• RECORDS TO PROCESS:
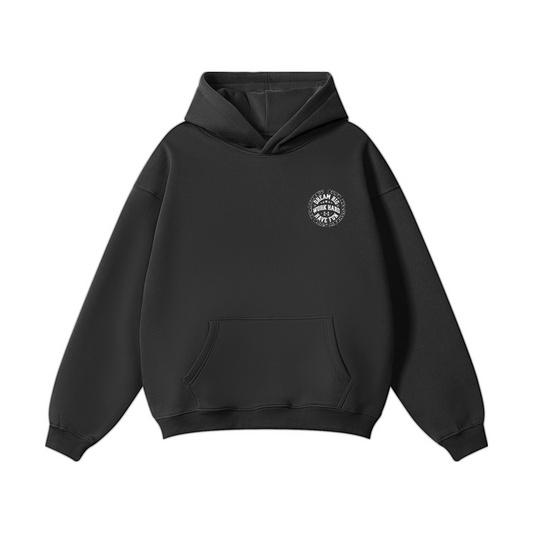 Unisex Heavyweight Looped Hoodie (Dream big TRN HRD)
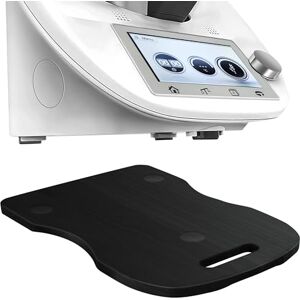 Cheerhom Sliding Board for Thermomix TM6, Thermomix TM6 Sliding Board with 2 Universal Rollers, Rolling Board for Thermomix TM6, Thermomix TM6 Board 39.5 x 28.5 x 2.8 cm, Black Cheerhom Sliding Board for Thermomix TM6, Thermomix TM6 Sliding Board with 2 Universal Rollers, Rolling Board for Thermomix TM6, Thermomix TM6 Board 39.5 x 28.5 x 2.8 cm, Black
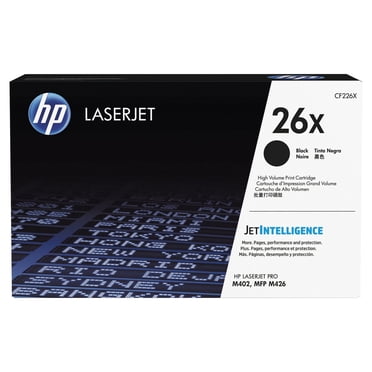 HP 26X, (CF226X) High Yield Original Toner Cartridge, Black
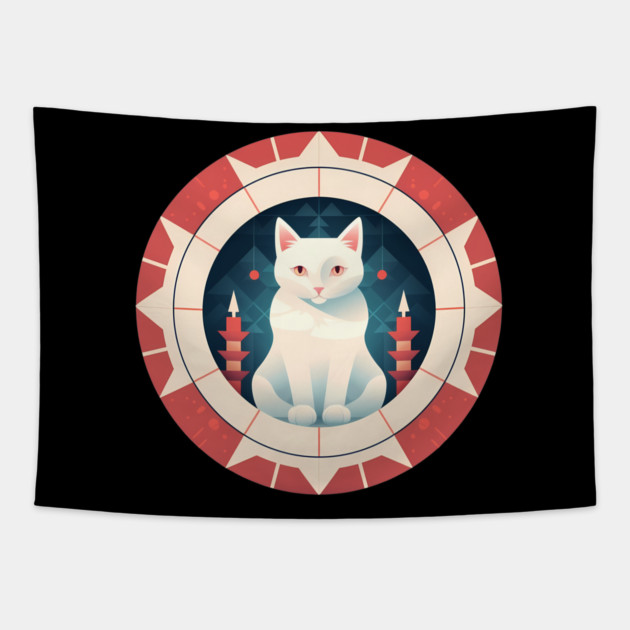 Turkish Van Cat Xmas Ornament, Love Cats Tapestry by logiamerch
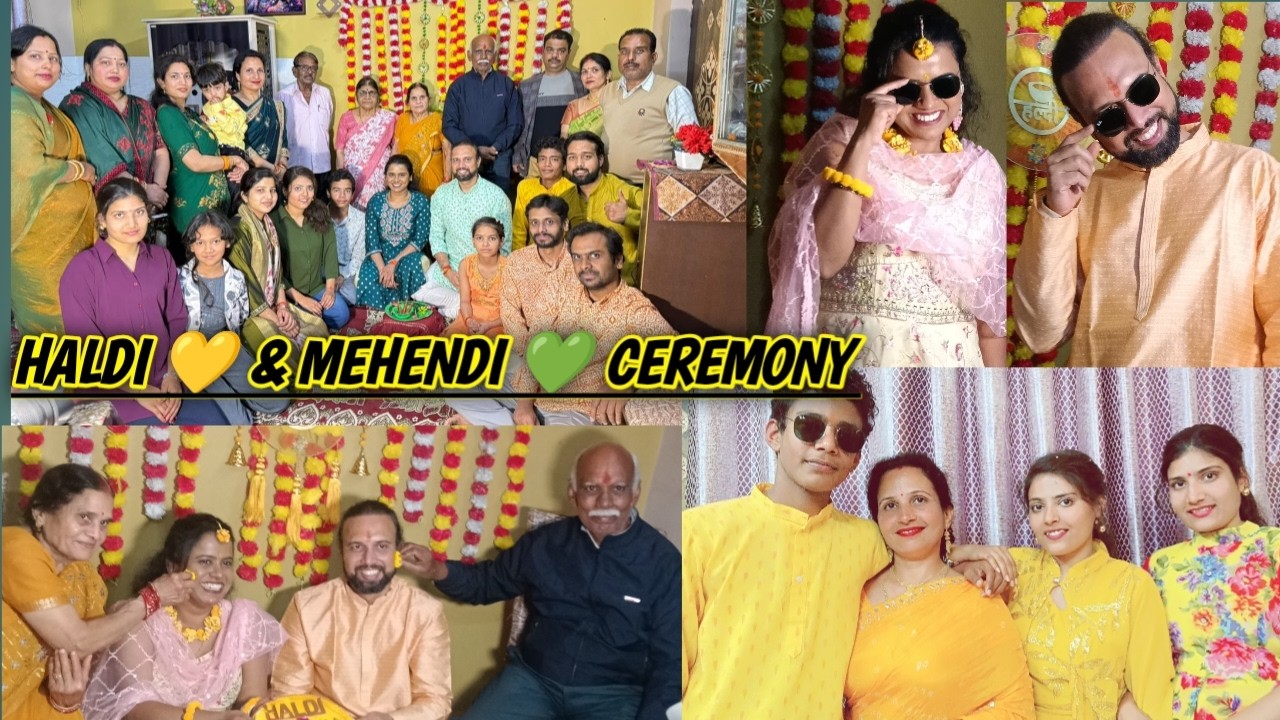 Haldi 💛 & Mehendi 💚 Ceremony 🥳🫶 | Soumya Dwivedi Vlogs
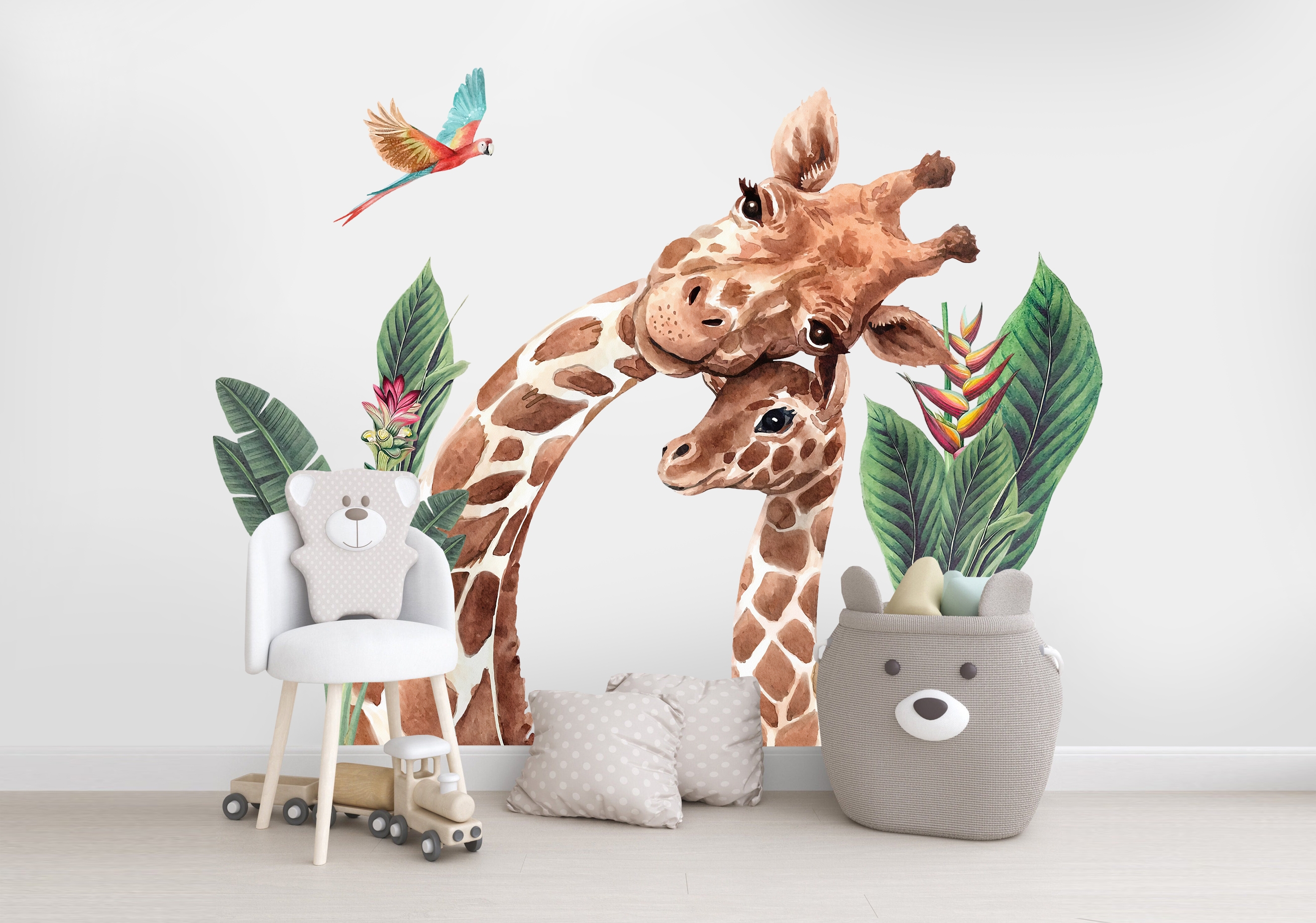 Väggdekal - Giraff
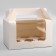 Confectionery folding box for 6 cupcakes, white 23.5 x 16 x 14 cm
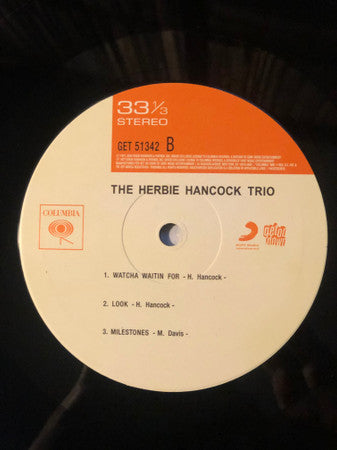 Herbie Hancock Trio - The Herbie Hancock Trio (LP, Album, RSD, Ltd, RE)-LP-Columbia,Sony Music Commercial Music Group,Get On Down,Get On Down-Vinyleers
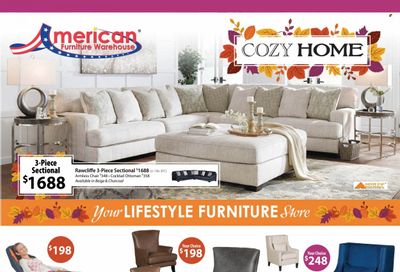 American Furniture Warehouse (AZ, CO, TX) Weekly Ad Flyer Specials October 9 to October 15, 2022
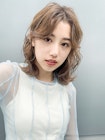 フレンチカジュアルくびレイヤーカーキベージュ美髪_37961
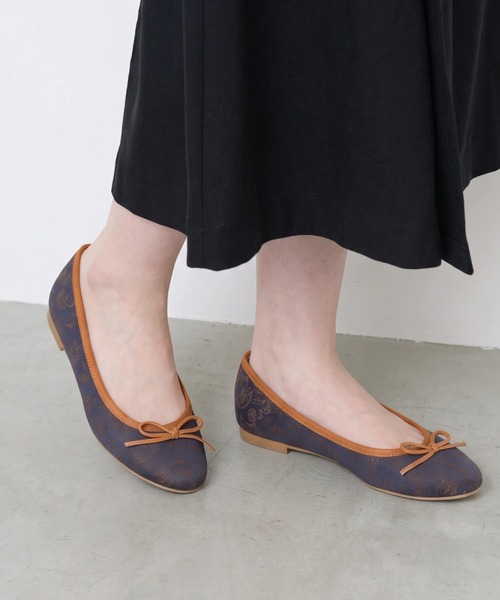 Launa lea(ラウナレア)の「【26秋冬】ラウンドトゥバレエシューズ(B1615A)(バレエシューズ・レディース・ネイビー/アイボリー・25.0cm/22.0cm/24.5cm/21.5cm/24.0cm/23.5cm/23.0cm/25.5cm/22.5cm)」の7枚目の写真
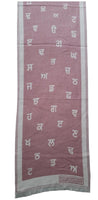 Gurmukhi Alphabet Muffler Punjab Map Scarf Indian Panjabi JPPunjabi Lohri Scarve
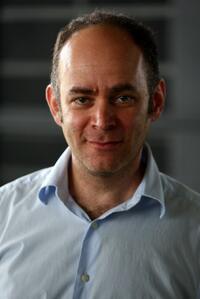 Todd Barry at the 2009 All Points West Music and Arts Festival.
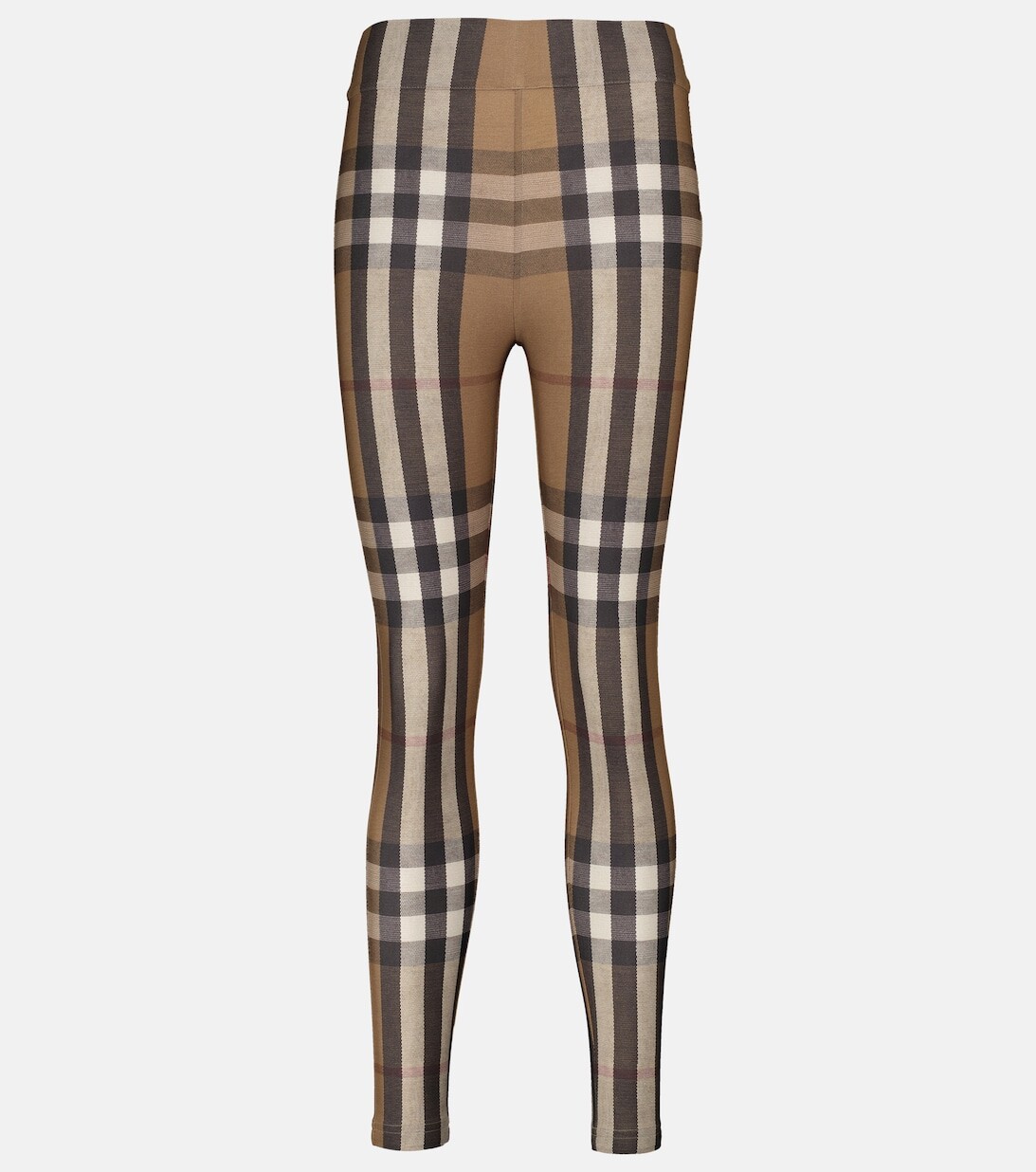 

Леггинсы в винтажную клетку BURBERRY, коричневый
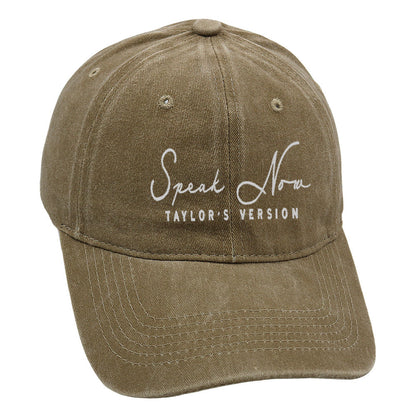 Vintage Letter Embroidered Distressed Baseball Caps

• TASK BRIEF:
Using the entries above, extract exactly the lines from the one that contains "Turkish Van Cat" through the one that contains "Confectionery folding box". Do not carry over any pictures.

• SOLUTION:
 Turkish Van Cat Xmas Ornament, Love Cats Tapestry by logiamerch
 Haldi 💛 & Mehendi 💚 Ceremony 🥳🫶 | Soumya Dwivedi Vlogs
 Väggdekal - Giraff
 Confectionery folding box for 6 cupcakes, white 23.5 x 16 x 14 cm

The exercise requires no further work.